YOUR INSTRUCTIONS:
Write out the records once more, exactly, and keep any image out.

DATASET RECORDS:
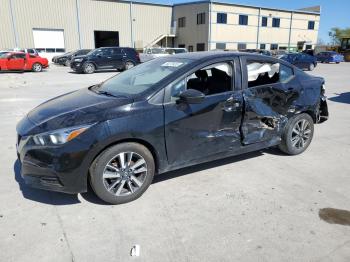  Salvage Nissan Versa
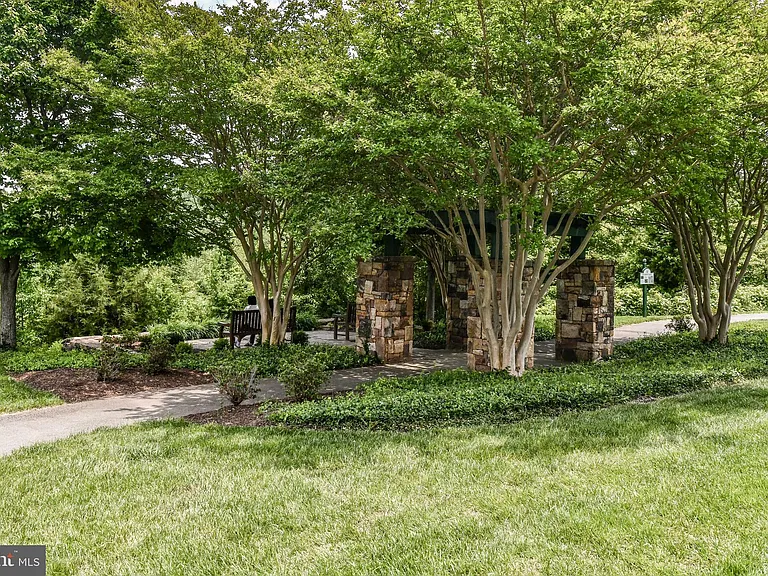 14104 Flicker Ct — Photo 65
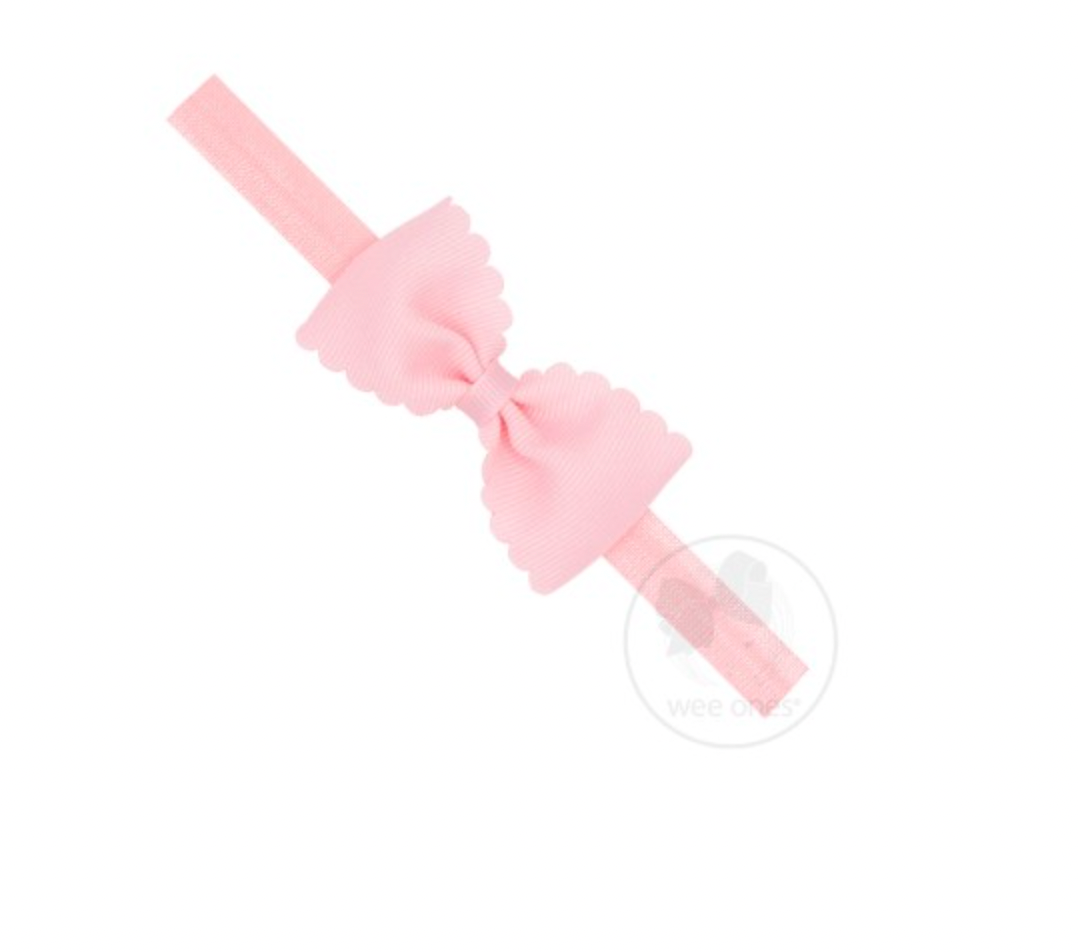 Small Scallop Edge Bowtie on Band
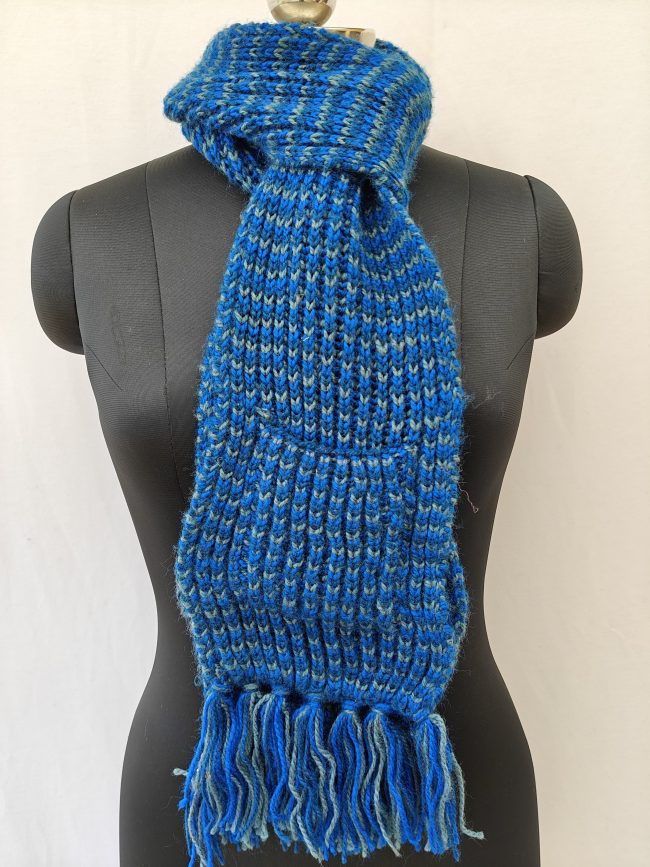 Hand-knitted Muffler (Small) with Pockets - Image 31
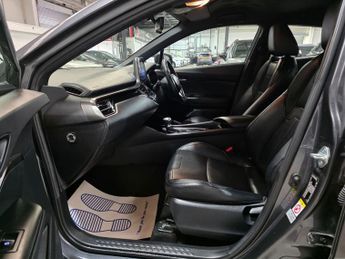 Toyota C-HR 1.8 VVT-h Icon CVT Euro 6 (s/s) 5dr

EXPECTED OUTPUT:
  Salvage Nissan Versa
 14104 Flicker Ct — Photo 65
 Small Scallop Edge Bowtie on Band
 Hand-knitted Muffler (Small) with Pockets - Image 31
 Toyota C-HR 1.8 VVT-h Icon CVT Euro 6 (s/s) 5dr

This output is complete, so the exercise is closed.